In my life I have taken a few *ahem* mental health days from work/school/life in general and though I’ve read quite a few articles telling me that I should feel guilty about that, I don’t. I’ve never done it when it would wreck someone else’s day, and in my opinion, they make me a better employee/student/person because they keep me from walking around grumbling and plotting anyone’s demise.

However, when it comes time to call in sick because I’m actually sick, I usually cannot shake that nagging feeling of guilt; today was no exception. I felt off all day yesterday, but as I was getting ready for bed I got sick to my stomach. My mother had a stomach bug over the weekend, and I spent time with her, so I guess I shouldn’t be that surprised. In addition to (or perhaps because of) the icky stomach, I found myself unable to fall asleep. I was hot and jittery, not to mention wide-awake until about 4:30 a.m.

So when my alarm went off at seven, I vaguely remember waking up, resetting it for eight, and falling back asleep. At eight I woke up and emailed my boss to tell her about what was going on and to apologize. After that I laid on my bed feeling guilty and watching T.V. until I drifted off to sleep again.

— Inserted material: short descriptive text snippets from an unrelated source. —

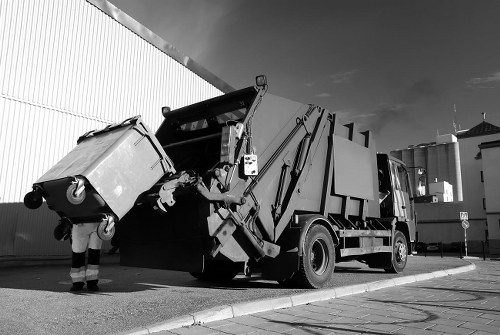 Waste removal service in Woolwich neighborhood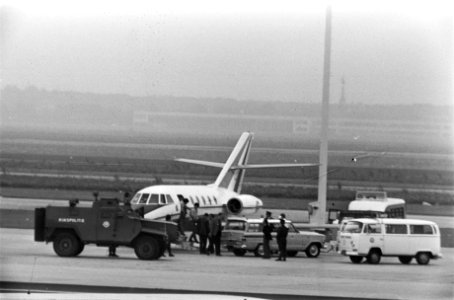 Japanner Furuya vanuit Parijse gevangenis overgevlogen naar Schiphol met Frans m, Bestanddeelnr 927-4519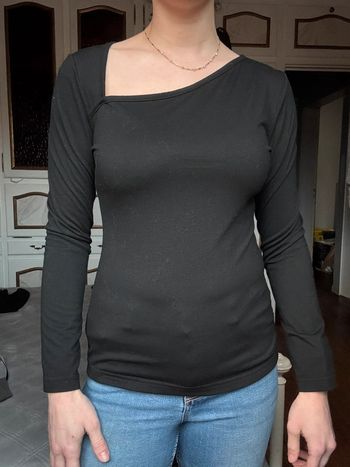 Haut longue manches noir - SHEIN - taille M - très bon état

I didn’t do much else all day, and eventually I stopped feeling so guilty. I wish I understood why I get that way. I guess I just don’t want to let anyone down. If I’m having a planned day-off, I feel like I’ve taken care of things beforehand: tied up my lose ends at work, given everyone anything they needed from me, picked a slow, relatively harmless day, etc. But when I get sick out of the blue I haven’t planned anything, and though I’m sure the world can turn without me for one day, I hate to think that I had to make anyone’s life more difficult.